##### Data excerpts #####

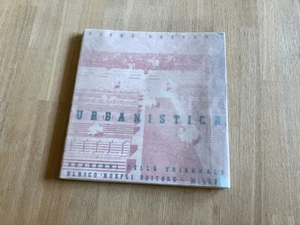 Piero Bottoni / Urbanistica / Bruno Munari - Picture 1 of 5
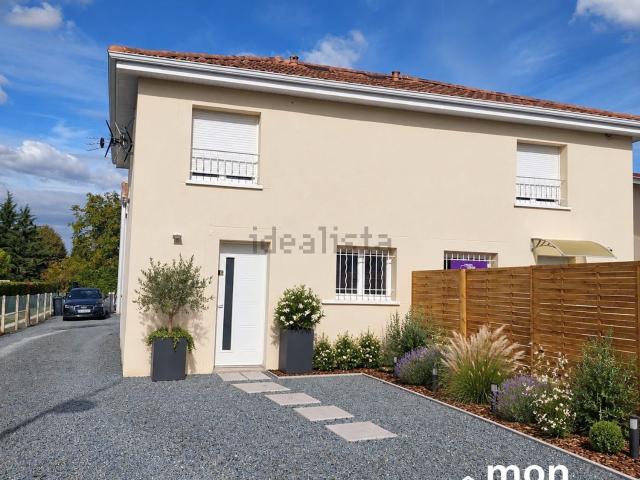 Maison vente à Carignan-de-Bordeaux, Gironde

#####
##### Data excerpts #####

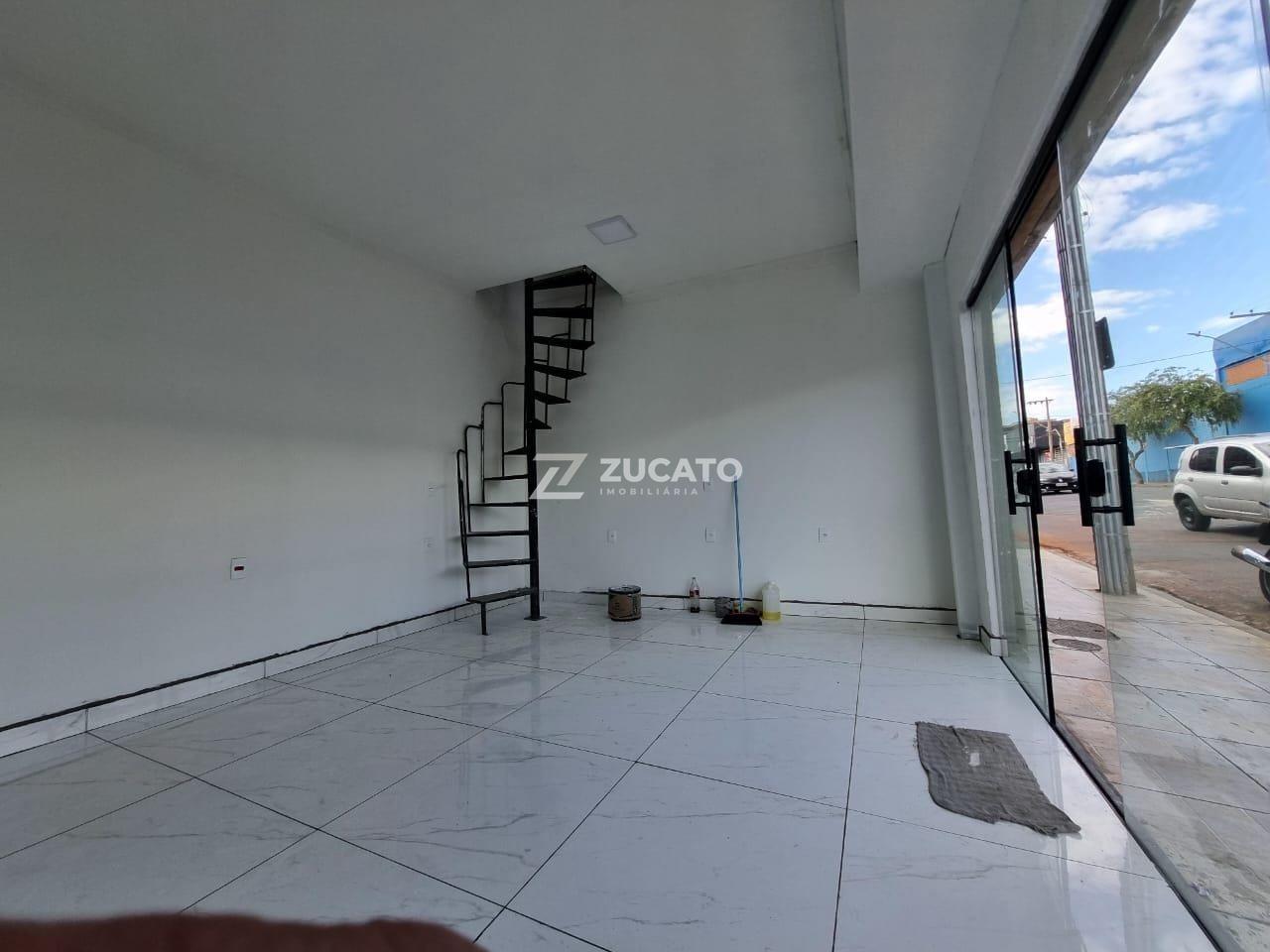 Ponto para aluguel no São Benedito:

#####

Task to complete: Using the records above, return word for word the lines that begin at the one containing "Piero Bottoni /" and end at the one containing "Maison vente à Carignan-de-Bordeaux, Gironde", both of them included and no pictures.

Answer space:
 Piero Bottoni / Urbanistica / Bruno Munari - Picture 1 of 5
 Maison vente à Carignan-de-Bordeaux, Gironde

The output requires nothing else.